» Your objective: Only the lines from the beginning of the data below through the line containing "Cale Makar 8" belong in the response, each copied exactly.

(Web page caption snippets)
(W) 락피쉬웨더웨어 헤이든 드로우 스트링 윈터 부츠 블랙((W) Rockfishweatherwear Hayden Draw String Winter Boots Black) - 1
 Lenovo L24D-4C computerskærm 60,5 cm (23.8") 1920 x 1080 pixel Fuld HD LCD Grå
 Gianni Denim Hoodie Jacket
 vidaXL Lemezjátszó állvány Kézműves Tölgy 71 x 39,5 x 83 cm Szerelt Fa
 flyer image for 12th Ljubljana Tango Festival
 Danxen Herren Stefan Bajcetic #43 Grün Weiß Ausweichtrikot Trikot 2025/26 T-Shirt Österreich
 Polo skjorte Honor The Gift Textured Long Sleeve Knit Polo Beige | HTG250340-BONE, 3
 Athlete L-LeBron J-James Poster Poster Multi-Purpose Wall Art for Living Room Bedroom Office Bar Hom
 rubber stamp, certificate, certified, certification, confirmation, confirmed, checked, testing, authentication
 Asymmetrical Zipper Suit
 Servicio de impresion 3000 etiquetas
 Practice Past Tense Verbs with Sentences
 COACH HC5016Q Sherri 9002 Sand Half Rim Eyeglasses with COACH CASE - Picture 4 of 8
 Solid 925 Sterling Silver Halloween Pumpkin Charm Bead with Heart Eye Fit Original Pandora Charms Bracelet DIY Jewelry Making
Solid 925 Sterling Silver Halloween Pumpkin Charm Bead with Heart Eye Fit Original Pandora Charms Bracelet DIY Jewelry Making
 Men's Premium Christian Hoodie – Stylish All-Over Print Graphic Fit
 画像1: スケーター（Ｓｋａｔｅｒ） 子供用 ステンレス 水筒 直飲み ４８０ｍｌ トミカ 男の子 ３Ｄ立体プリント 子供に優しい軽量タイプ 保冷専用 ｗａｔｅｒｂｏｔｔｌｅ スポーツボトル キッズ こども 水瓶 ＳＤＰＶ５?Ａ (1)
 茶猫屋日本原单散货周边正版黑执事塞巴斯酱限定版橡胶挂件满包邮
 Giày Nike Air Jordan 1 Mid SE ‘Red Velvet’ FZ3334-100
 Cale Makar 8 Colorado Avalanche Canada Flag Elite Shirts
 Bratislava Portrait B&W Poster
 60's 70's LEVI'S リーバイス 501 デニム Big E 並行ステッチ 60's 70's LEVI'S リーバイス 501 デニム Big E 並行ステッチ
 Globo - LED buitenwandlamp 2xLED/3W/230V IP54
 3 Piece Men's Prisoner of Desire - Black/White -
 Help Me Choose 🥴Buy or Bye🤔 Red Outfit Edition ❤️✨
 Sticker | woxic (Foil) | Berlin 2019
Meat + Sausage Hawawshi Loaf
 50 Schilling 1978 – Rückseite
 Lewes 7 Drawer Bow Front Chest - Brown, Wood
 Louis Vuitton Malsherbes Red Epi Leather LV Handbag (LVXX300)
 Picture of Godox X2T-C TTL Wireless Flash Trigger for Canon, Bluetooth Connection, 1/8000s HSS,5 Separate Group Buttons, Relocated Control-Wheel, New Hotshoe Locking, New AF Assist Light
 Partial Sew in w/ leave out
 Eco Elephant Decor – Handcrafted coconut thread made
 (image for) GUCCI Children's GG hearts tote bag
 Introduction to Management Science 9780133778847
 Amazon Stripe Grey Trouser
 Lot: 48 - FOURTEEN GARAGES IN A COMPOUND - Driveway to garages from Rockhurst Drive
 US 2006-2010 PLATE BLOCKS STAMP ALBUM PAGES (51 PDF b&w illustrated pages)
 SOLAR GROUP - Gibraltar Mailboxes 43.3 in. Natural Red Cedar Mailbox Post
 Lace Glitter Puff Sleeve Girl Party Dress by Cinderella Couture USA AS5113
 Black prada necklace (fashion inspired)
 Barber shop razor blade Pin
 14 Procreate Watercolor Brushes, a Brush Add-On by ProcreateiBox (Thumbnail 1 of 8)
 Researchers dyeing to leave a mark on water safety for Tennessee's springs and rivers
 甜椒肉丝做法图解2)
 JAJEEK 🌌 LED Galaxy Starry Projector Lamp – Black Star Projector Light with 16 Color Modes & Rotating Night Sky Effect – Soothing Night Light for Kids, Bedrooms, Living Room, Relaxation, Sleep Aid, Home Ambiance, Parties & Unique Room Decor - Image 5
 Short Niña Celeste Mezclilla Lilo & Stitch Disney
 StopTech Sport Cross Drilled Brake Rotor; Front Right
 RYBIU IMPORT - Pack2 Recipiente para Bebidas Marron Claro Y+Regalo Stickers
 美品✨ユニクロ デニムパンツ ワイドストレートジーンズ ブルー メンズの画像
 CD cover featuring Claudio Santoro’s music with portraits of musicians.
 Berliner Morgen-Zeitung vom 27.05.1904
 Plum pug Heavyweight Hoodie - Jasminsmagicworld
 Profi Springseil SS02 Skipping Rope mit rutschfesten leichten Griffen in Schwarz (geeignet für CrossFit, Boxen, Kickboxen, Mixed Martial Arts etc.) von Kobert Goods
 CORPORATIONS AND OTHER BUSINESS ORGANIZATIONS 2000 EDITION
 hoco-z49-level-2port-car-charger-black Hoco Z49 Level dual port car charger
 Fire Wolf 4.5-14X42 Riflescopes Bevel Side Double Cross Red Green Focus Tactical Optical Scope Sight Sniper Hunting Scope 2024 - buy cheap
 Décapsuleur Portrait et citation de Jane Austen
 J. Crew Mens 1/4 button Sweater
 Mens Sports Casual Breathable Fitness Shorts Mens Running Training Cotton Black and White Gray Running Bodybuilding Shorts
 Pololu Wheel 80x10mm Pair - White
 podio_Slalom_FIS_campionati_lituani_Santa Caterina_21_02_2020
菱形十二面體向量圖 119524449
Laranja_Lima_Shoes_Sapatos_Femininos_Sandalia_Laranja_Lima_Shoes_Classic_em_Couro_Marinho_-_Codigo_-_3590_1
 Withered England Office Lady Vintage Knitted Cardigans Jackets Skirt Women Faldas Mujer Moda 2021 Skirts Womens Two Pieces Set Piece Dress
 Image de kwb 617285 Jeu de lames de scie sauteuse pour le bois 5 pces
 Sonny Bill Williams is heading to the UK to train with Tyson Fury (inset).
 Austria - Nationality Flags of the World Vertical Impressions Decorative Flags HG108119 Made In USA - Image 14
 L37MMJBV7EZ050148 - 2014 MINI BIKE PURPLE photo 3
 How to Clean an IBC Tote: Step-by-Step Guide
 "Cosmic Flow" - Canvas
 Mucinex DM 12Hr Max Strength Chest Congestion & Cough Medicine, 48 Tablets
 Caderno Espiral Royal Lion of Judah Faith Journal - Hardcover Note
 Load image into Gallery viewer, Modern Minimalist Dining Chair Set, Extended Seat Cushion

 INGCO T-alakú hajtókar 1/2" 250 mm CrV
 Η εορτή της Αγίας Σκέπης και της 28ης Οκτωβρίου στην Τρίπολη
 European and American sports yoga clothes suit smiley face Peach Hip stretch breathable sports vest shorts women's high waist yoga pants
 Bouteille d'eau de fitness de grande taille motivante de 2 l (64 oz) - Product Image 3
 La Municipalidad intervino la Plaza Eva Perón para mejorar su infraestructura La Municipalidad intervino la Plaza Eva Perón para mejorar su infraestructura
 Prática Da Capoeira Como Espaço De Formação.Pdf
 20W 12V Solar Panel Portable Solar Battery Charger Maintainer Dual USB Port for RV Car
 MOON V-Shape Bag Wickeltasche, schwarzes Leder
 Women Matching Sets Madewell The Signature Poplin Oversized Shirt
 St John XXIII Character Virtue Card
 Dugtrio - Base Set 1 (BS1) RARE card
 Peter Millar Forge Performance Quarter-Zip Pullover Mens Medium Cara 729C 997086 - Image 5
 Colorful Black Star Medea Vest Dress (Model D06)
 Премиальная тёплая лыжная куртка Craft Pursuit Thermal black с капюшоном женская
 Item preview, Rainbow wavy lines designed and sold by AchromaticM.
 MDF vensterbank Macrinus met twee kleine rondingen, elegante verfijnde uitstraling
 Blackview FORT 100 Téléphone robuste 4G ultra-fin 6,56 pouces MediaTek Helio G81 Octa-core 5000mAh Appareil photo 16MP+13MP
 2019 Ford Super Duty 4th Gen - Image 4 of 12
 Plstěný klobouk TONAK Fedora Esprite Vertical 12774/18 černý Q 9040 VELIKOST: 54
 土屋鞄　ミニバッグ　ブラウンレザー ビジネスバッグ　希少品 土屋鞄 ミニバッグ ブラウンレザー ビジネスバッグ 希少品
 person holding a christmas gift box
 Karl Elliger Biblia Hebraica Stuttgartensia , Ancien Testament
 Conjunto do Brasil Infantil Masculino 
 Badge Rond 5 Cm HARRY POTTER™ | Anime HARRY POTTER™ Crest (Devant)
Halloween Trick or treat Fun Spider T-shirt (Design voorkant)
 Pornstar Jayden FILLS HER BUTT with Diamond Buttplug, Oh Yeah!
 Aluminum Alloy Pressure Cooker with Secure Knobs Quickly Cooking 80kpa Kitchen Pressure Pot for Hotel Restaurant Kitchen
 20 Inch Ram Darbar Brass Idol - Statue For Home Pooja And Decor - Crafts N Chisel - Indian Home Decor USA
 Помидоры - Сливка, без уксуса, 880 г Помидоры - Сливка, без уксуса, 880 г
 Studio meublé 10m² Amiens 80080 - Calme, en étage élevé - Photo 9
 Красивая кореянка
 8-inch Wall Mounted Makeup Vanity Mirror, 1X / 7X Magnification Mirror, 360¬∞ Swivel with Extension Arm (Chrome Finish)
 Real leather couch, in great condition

» Final answer:
(W) 락피쉬웨더웨어 헤이든 드로우 스트링 윈터 부츠 블랙((W) Rockfishweatherwear Hayden Draw String Winter Boots Black) - 1
 Lenovo L24D-4C computerskærm 60,5 cm (23.8") 1920 x 1080 pixel Fuld HD LCD Grå
 Gianni Denim Hoodie Jacket
 vidaXL Lemezjátszó állvány Kézműves Tölgy 71 x 39,5 x 83 cm Szerelt Fa
 flyer image for 12th Ljubljana Tango Festival
 Danxen Herren Stefan Bajcetic #43 Grün Weiß Ausweichtrikot Trikot 2025/26 T-Shirt Österreich
 Polo skjorte Honor The Gift Textured Long Sleeve Knit Polo Beige | HTG250340-BONE, 3
 Athlete L-LeBron J-James Poster Poster Multi-Purpose Wall Art for Living Room Bedroom Office Bar Hom
 rubber stamp, certificate, certified, certification, confirmation, confirmed, checked, testing, authentication
 Asymmetrical Zipper Suit
 Servicio de impresion 3000 etiquetas
 Practice Past Tense Verbs with Sentences
 COACH HC5016Q Sherri 9002 Sand Half Rim Eyeglasses with COACH CASE - Picture 4 of 8
 Solid 925 Sterling Silver Halloween Pumpkin Charm Bead with Heart Eye Fit Original Pandora Charms Bracelet DIY Jewelry Making
Solid 925 Sterling Silver Halloween Pumpkin Charm Bead with Heart Eye Fit Original Pandora Charms Bracelet DIY Jewelry Making
 Men's Premium Christian Hoodie – Stylish All-Over Print Graphic Fit
 画像1: スケーター（Ｓｋａｔｅｒ） 子供用 ステンレス 水筒 直飲み ４８０ｍｌ トミカ 男の子 ３Ｄ立体プリント 子供に優しい軽量タイプ 保冷専用 ｗａｔｅｒｂｏｔｔｌｅ スポーツボトル キッズ こども 水瓶 ＳＤＰＶ５?Ａ (1)
 茶猫屋日本原单散货周边正版黑执事塞巴斯酱限定版橡胶挂件满包邮
 Giày Nike Air Jordan 1 Mid SE ‘Red Velvet’ FZ3334-100
 Cale Makar 8 Colorado Avalanche Canada Flag Elite Shirts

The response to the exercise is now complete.